SHAPforxgboost

This package creates SHAP (SHapley Additive exPlanation) visualization plots for ‘XGBoost’ in R. It provides summary plot, dependence plot, interaction plot, and force plot. It relies on the SHAP implementation provided by ‘XGBoost’ and ‘LightGBM’. Please refer to ‘slundberg/shap’ for the original implementation of SHAP in Python. Please note that the SHAP values are generated by ‘XGBoost’ and ‘LightGBM’; we just plot them. So the package cannot be used directly for other tree models like the random forest. Please refer to the “Note on the package” for more details.

All the functions except the force plot return ggplot object thus it is possible to add more layers. The dependence plot shap.plot.dependence returns ggplot object if without the marginal histogram by default.
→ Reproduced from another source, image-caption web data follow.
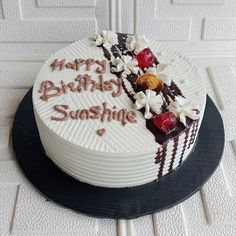 a birthday cake with the words happy birthday sunshine written on it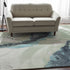 8' X 10' Green Blue And Ivory Abstract Hand Tufted Area Rug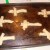 Place the finished crosses on the cookie sheet to bake.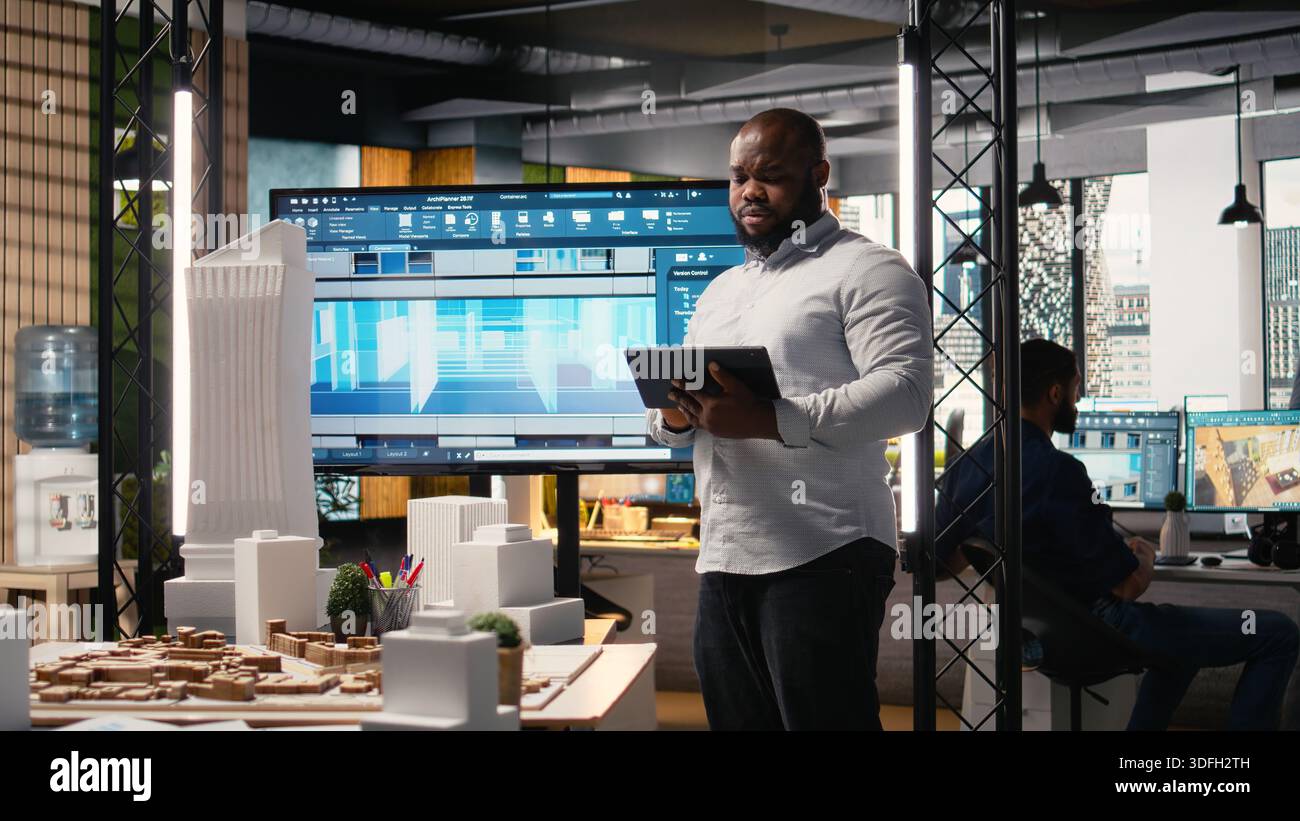 African american real estate developer reviews city planning layout on ...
To revise feature names, you could define a global variable named new_labels, the plotting functions will use this list as new feature labels. The SHAPforxgboost::new_labels is a placeholder default to NULL. Or you could overwrite the labels by adding a labs layer to the ggplot object.

Please refer to this blog as the vignette: more examples and discussion on SHAP values in R, why use SHAP, and a comparison to Gain: SHAP visualization for XGBoost in R

Installation

Please install from CRAN or Github:

install.packages("SHAPforxgboost")

devtools::install_github("liuyanguu/SHAPforxgboost")

Example

Summary plot

# run the model with built-in data, these codes can run directly if package installed  
library("SHAPforxgboost")
y_var <-  "diffcwv"
dataX <- as.matrix(dataXY_df[,-..y_var])

# hyperparameter tuning results
params <- list(objective = "reg:squarederror",  # For regression
                   eta = 0.02,
                   max_depth = 10,
                   gamma = 0.01,
                   subsample = 0.98,
                   colsample_bytree = 0.86)

mod <- xgboost::xgboost(data = dataX, label = as.matrix(dataXY_df[[y_var]]), 
                       params = params, nrounds = 200,
                       verbose = FALSE, 
                       early_stopping_rounds = 8)
                       
# To return the SHAP values and ranked features by mean|SHAP|
shap_values <- shap.values(xgb_model = mod, X_train = dataX)
# The ranked features by mean |SHAP|
shap_values$mean_shap_score

# To prepare the long-format data:
shap_long <- shap.prep(xgb_model = mod, X_train = dataX)
# is the same as: using given shap_contrib
shap_long <- shap.prep(shap_contrib = shap_values$shap_score, X_train = dataX)
# (Notice that there will be a data.table warning from `melt.data.table` due to `dayint` coerced from
# integer to double)

# **SHAP summary plot**
shap.plot.summary(shap_long)

# sometimes for a preview, you want to plot less data to make it faster using `dilute`
shap.plot.summary(shap_long, x_bound  = 1.2, dilute = 10)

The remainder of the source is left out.